古代から現在までの世界で起きた侵略行為から現代の貧困の原因を探るという取り組みを記したものになる。
古代ではローマが、中世ではスペインやフランス、近世ではイギリスが世界に進出していった中での出来事を中心に、なぜ貧困は続くのかを論じている。
その原因に、包括的という言葉と収奪的という言葉で、平等な法体系、私見の安定的な付与、開かれた情報伝達が成長とイノベーションの源泉であることを示している。
現代での独裁的な国家が見かけ上成長しているのはキャッチアップする余地があるにすぎず、国家が富と権力を独占している国は他者から奪うことでしか成長できず、イノベーションを生み出さないと断じている。

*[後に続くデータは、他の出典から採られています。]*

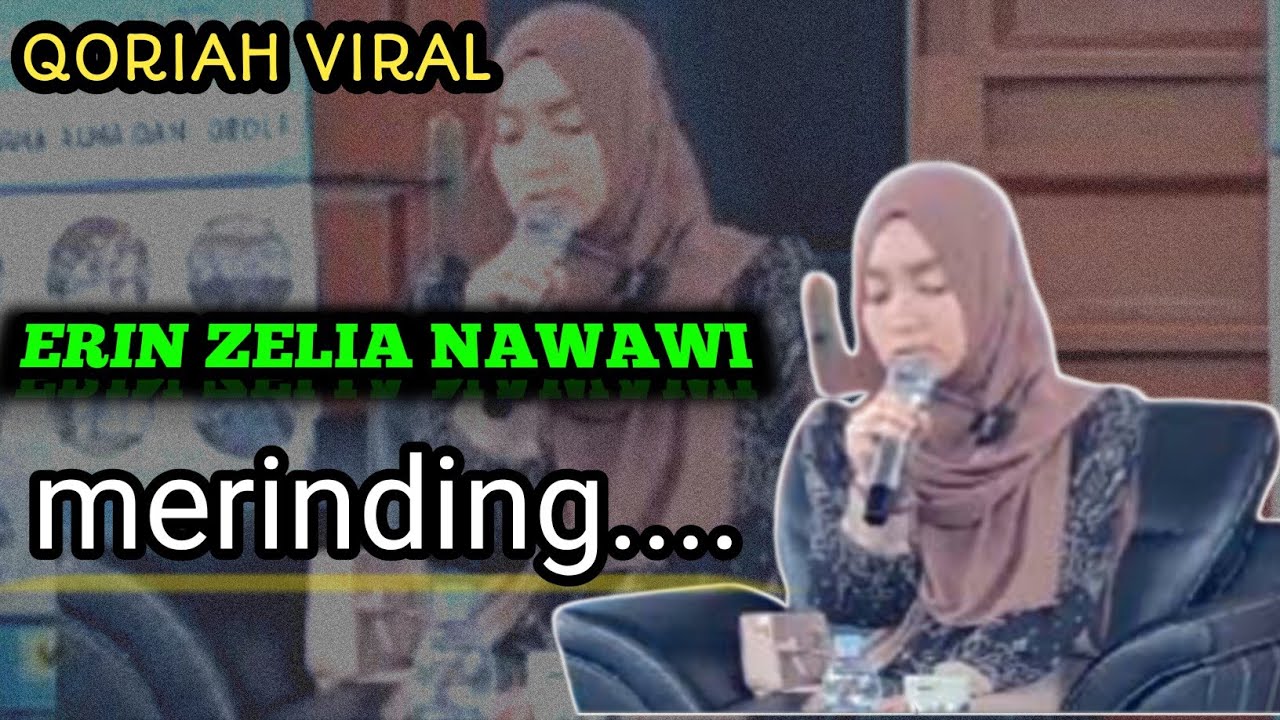 QORIAH VIRAL..ERIN ZELIA NAWAWI|| AL-BAQOROH AYAT 197-200|#beautifulquranrecitation #tilawahquran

しかし、現在のこの状態は必然かと言えばそうではなく、少しずつの差異と偶然の産物で、いくつもの選択肢があったと考えられる。しかし、制度が収奪的であれば、その未来は変わらないだろうし、多かれ少なかれ南米やアフリカ以南の貧困が解消されるのは困難が待ち受けていることは理解できる。

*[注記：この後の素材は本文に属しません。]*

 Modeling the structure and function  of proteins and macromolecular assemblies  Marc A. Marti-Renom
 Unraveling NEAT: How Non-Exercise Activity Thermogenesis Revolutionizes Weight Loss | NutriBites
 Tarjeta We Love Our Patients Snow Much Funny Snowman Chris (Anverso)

同じ命題を「組織はなぜ衰退するのか」に置き換えても同じような因果律を想定できる。
情報を開示せず、経営トップが権力にしがみつき、社員を無視した制度の押し付けをすればおのずと組織の活力は奪われてゆく。
上下巻にわたり読みごたえはあるし、途中の侵略の下りはすこし気持ちが悪くなるが、それでも一読をお勧めする。